# System low on memory?!??!?!?!



## artistry06 (Mar 5, 2008)

I just downloaded Sony Vegas 8, but when I try to run it it says..
_"System is low on memory. You may be able to reduce memory usage by closing other applications."_
But I have no other applications opened... 

I have 29 days left of the trial, & I have to edit a four hour show that I did last friday.
HELP!!!


----------



## wboling78 (Mar 4, 2008)

What are the specs of your computer? Laptop/desktop? Try turning off all aero features, might help a good bit.


----------



## artistry06 (Mar 5, 2008)

I'm a noob at this technical stuff.

Well I have a HP Pavillion dv2000 Laptop
about 60g of memory left.

What's an aero feature?


----------



## saintecho01 (Aug 1, 2007)

thats not memory thats your hard drive storage space, get you task manager up (right click on bottom bar/start menu) then task manager-performance,look there at memory,maybe post a screen shot.


----------



## artistry06 (Mar 5, 2008)

lol.
opps, my bad.
aight got you, brb.


----------



## artistry06 (Mar 5, 2008)

Whoa. I'm guessing that's not too good.
How can I get it lower?


----------



## saintecho01 (Aug 1, 2007)

my advise would be to get more memory, your using 512mb so id buy a second 512mb.
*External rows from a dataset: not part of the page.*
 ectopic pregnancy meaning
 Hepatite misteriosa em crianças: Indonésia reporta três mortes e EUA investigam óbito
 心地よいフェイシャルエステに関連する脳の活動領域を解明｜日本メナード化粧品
at least 512 as i see the program requires a min of 1 gb


----------



## artistry06 (Mar 5, 2008)

what exactly is it?? & how do i do that?
where do i hook it up to??


----------



## echidnablade (Mar 5, 2008)

The program you're trying to run requires a minimum of 1GB of RAM to run after checking the specs on their website. You have 512 MB right now which is half of this. Therefore the program is not going to run without upgrading the computer. With it being a laptop, you would likely have to get a computer store to upgrade it depending on your expertise with a computer. Laptops can be pretty tricky to upgrade at times.


----------



## artistry06 (Mar 5, 2008)

echidnablade said:


> The program you're trying to run requires a minimum of 1GB of RAM to run after checking the specs on their website. You have 512 MB right now which is half of this. Therefore the program is not going to run without upgrading the computer. With it being a laptop, you would likely have to get a computer store to upgrade it depending on your expertise with a computer. Laptops can be pretty tricky to upgrade at times.
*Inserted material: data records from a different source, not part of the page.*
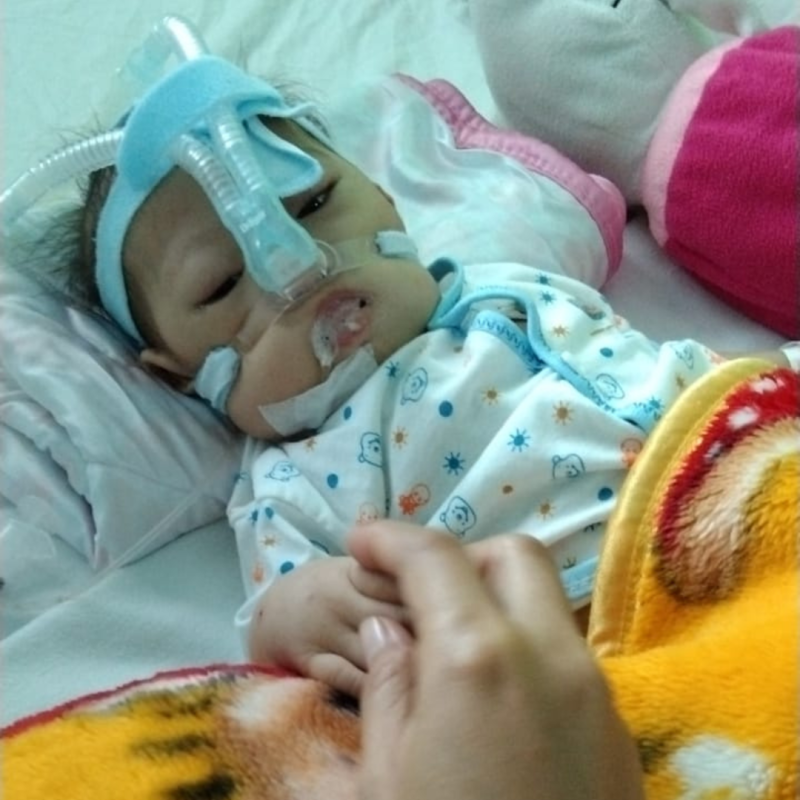 Bayi Shanum Berjuang Sembuh Dari Berbagai Penyakit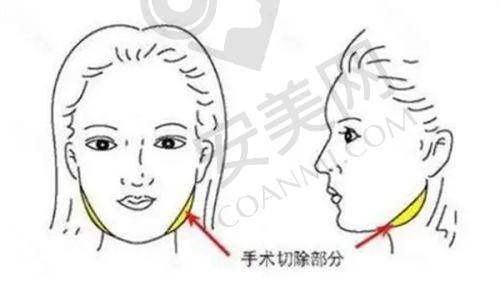 深圳非凡医院的成功实例能证明好口碑吗？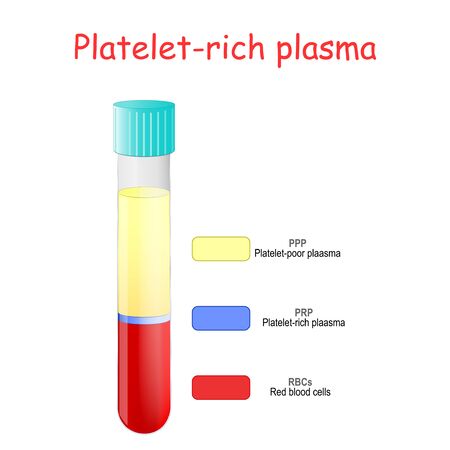 plasma rico en plaquetas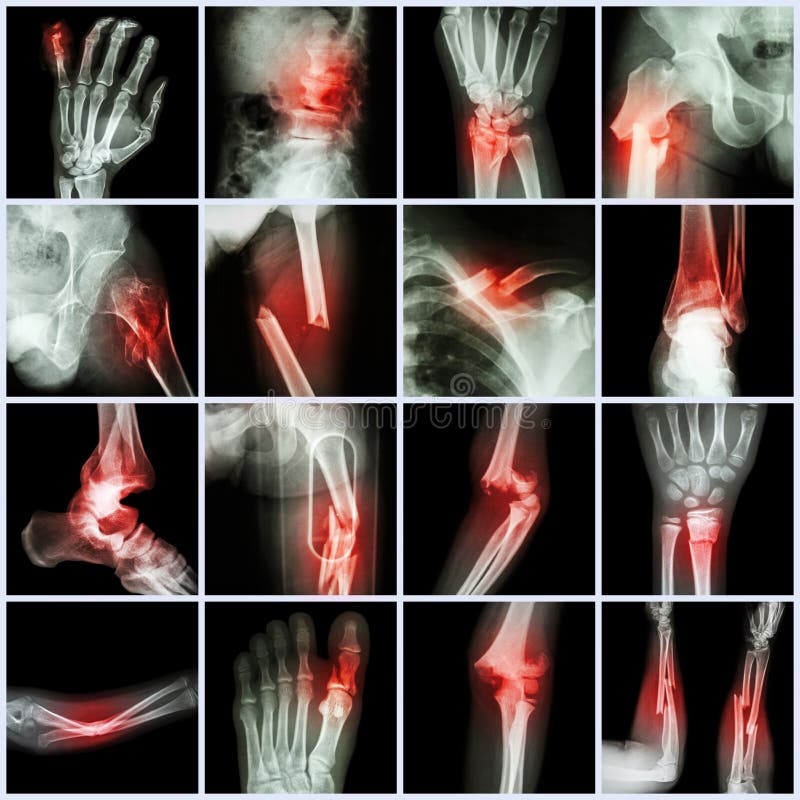 Inkasowy Radiologiczny wieloskładnikowy kość przełam zdjęcie royalty free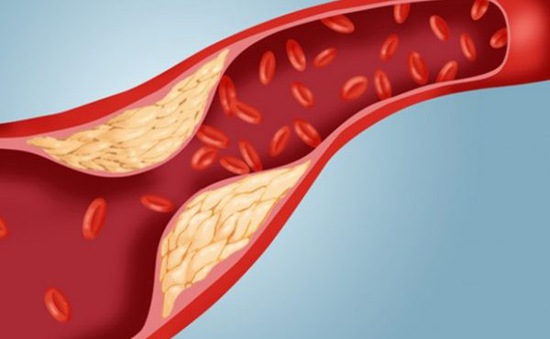 cholesterol và bệnh tim mạch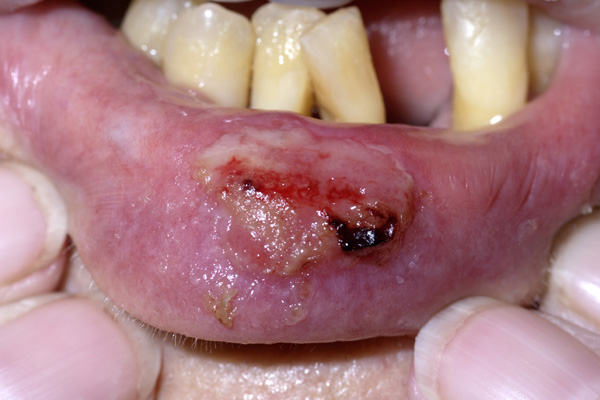 Methotrexate mouth sores pictures taking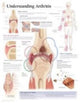 Book cover of: Understanding Arthritis Paper Poster. By: Scientific Publishing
ahhh... I have to upgrade it???
what is the part that I need to upgrade called? & the pricings for the part??


----------



## echidnablade (Mar 5, 2008)

For that I would need to know a bit more on the system. When I looked up the dv2000 notebooks, it says the system is a custom to order system which means you would have picked specific parts for it. If it isn't a CTO system then there would be more to the model than dv2000 as that is also a series of notebooks. On the bottom of the notebook there should be a label that says the specific model ie dv2021ca or something like that. If you find that information, you can look up the exact type of memory in the computer and find the price on a site like hpshopping.com.


----------



## artistry06 (Mar 5, 2008)

echidnablade said:


> For that I would need to know a bit more on the system. When I looked up the dv2000 notebooks, it says the system is a custom to order system which means you would have picked specific parts for it. If it isn't a CTO system then there would be more to the model than dv2000 as that is also a series of notebooks. On the bottom of the notebook there should be a label that says the specific model ie dv2021ca or something like that. If you find that information, you can look up the exact type of memory in the computer and find the price on a site like hpshopping.com.


mine's a dv2315nr.
aight, thanks bro, i appreciate it. i guess i'll have to do some research.


----------



## echidnablade (Mar 5, 2008)

Hmm, that is slightly confusing. When I pull up the specs here http://h10025.www1.hp.com/ewfrf/wc/...8746&cc=us&dlc=en&lc=en&jumpid=reg_R1002_USEN , it says that the system should have 1024MB DDR2 RAM which would be 1 GB of memory. Sounds like the laptop is running with only half the RAM either installed or recognized. If you restart the laptop and tap the F10 key when the blue HP invent screen comes up, it should go into the BIOS screen and in there it should list the total installed RAM. What does it say there? Should be similar to the 1024 number if the full memory is installed.


----------



## artistry06 (Mar 5, 2008)

echidnablade said:


> Hmm, that is slightly confusing. When I pull up the specs here http://h10025.www1.hp.com/ewfrf/wc/...8746&cc=us&dlc=en&lc=en&jumpid=reg_R1002_USEN , it says that the system should have 1024MB DDR2 RAM which would be 1 GB of memory. Sounds like the laptop is running with only half the RAM either installed or recognized. If you restart the laptop and tap the F10 key when the blue HP invent screen comes up, it should go into the BIOS screen and in there it should list the total installed RAM. What does it say there? Should be similar to the 1024 number if the full memory is installed.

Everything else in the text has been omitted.